7. State Space — ReadPoints and BusinessSteps (Equation 11)
The thesis derives the system state space cardinality via Equation 11 using the product of ReadPoints (physical locations with RFID readers) and BusinessSteps (discrete operational phases). The airport scenario in MAS-DUO reproduces this exactly:
ReadPoints (RP): { HANGAR, PARK1, PARK2, PARK3, PARK4 } -> 5 RPs
Resource BusinessSteps (BS): { Free, Busy, InTransit, NotAvailable } -> 4 BS
|S_resource| = 5 × 4 = 20 resource states (Equation 11)
IATA Flight BusinessSteps: { OMS, STM, LOD, PAX, BAG, HDL, AGM, CGM, ... } -> 8+ BS
|S_flight| ≈ 4 stands × 10 BS = 40 states
The grid world (20 × 15 cells at 5 m/cell, covering a 100 × 75 m apron) spatially realises these ReadPoints as zones, with A* pathfinding for resource navigation between them.

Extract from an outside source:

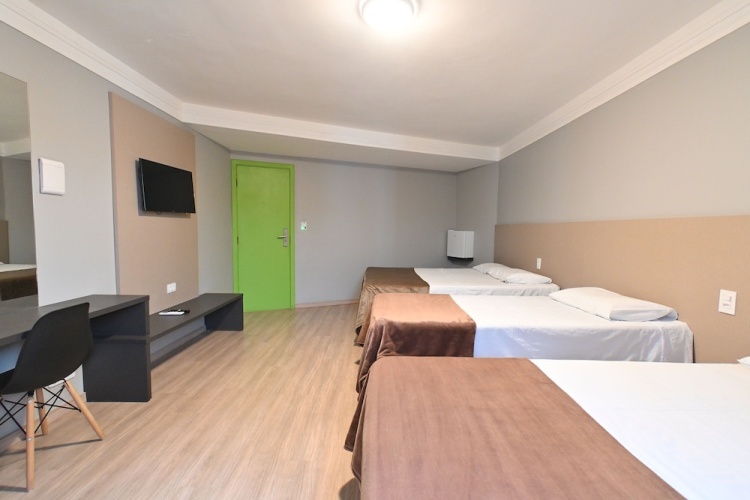 Comfort Quadruple room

8. Airport Case Study — Ciudad Real Central Airport
Chapter 4.1 of the thesis presents CRC Airport as the primary real-world validation scenario. MAS-DUO ships two executable configurations that directly reproduce this case study:
airport_gh_check.py — validation script for 4 concurrent flights (B737, A320, LCC, CARGO) with 21 agents total. Runs 10 random-policy steps to verify the full system stack: configuration loading, 4W state consistency, IS Platform negotiations, and order tracking.
airport_gh_demo.py — full demonstration with 8 concurrent flights and a Greedy EDF (Earliest Deadline First) policy. Fleet composition:
- 12 GH robots: 3 pushback tractors, 3 hydraulic stairs, 2 fuel trucks, 2 ULD cargo loaders, 2 passenger buses
- 7 workers: 5 ramp agents, 1 operations supervisor, 1 ground crew chief
- 4 baggage belts (BAGBELT-P1 to P4, gate → terminal)

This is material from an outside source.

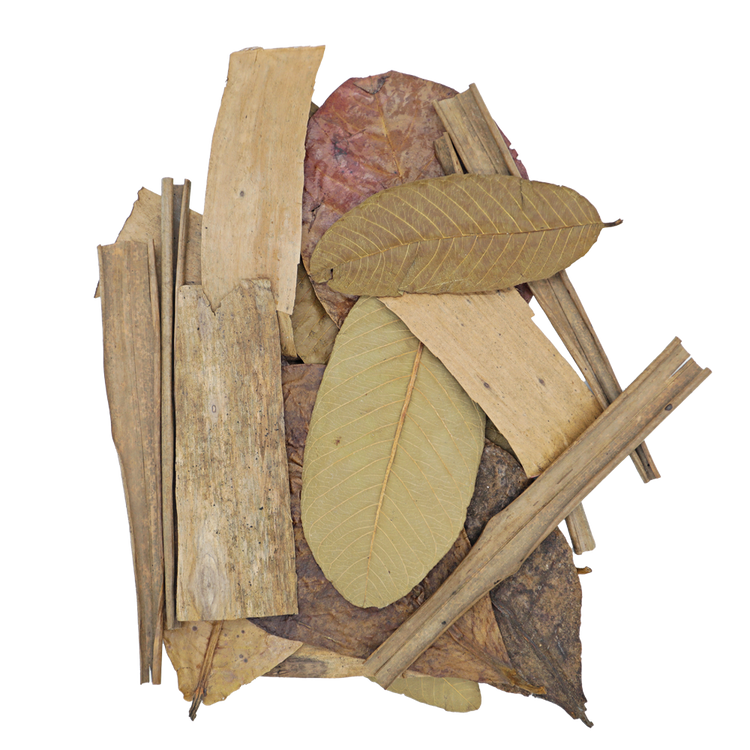 ReptiFauna Jungle Leaf Litter 20ct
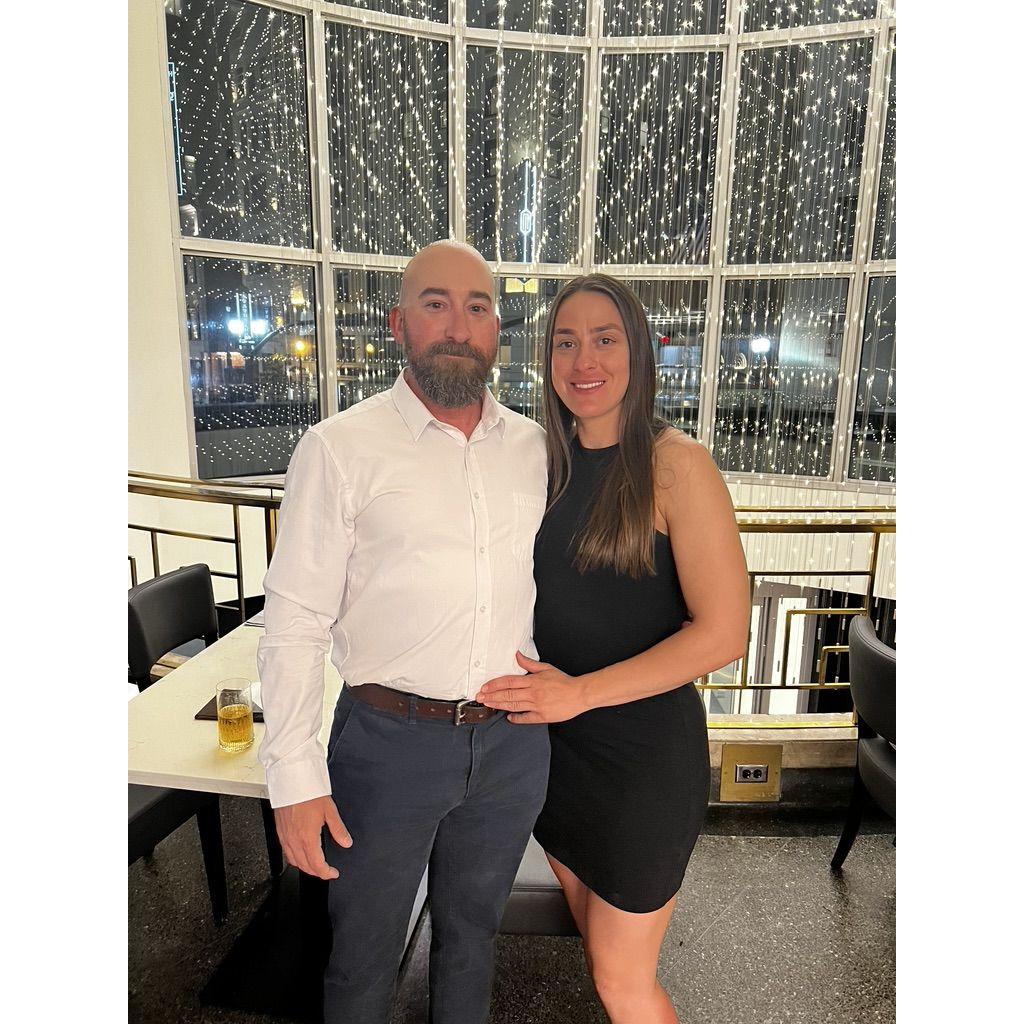 Date night in Nashville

The Greedy EDF policy applies a priority-weighted urgency score — urgency = 1/max(1, deadline − step) × priority_boost — to replicate the heuristic scheduling baseline described in the thesis, against which more sophisticated RL policies can be benchmarked.

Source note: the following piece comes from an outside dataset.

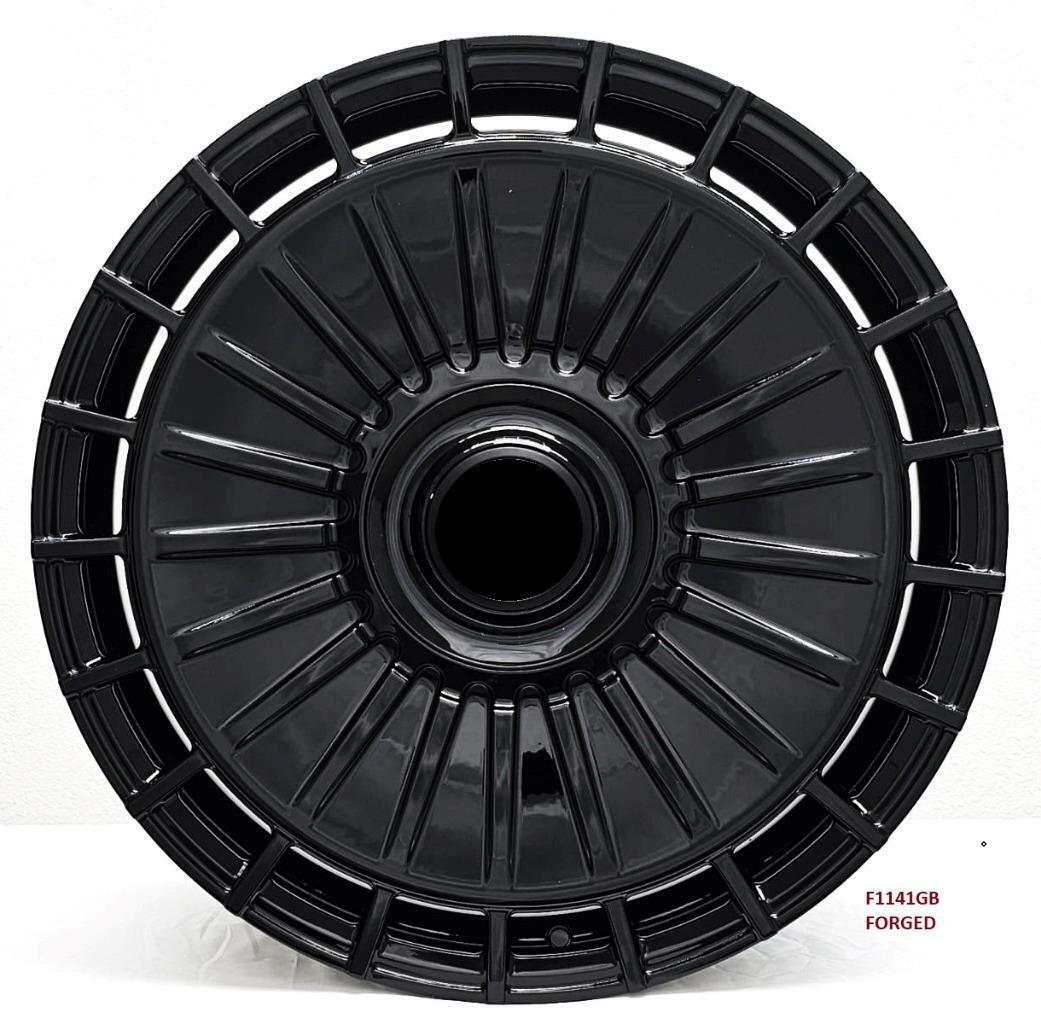 20'' FORGED wheels for BMW M3 SEDAN 2021 & UP 20x9.5/10.5 5x112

Validated results (demo run, seed=42):
- 4/8 flights completed on time within 30 steps
- Cumulative reward: +287.07
- Total energy consumed: 831 units
- IS Platform approval rate: ~87%
- No agent collision events
9. Observation Space Alignment
The normalised observation vectors fed to each agent type correspond to the state variables identified in the thesis for each agent class:
| Agent type | Vector shape | Components |
|---|---|---|
ProductAgent | (6,) float32 [0,1] | Normalised position (x,y), route progress, deadline proximity, energy, processing flag |
WorkerAgent | (6,) float32 [0,1] | Position, energy, fatigue level, zone index, previous action |
RobotAgent | (5,) float32 [0,1] | Position, battery level, load status, speed |
ConveyorAgent | (5,) float32 [0,1] | Operational state, occupancy, speed setting, energy consumption |
These compact representations are designed for compatibility with standard deep RL algorithms (PPO, SAC, QMIX) via the PettingZoo AEC interface, enabling the thesis results to be reproduced and extended with learned policies.
10. Framework and Technology Choices
| Thesis assumption | Implementation choice | Rationale |
|---|---|---|
| JADE/JADEX (original prototype) | PettingZoo AEC + Python | Modern RL ecosystem; enables direct connection to PyTorch/TensorFlow |
| EPCIS middleware (Fosstrak) | epc.py (pure Python EPC model) | Self-contained; removes JVM dependency while preserving the data model |
| Simulation-based validation | Pygame renderer + headless mode | Reproducible experiments; visual inspection of emergent behaviours |
| JSON scenario definition | config_loader.py + Pydantic-style configs | Declarative scenario authoring; separates model from configuration |
The transition from JADE to PettingZoo preserves the essential architectural invariants of the thesis (BDI loop, 4W state, IS negotiation, global policy) while opening the system to the contemporary multi-agent reinforcement learning research community.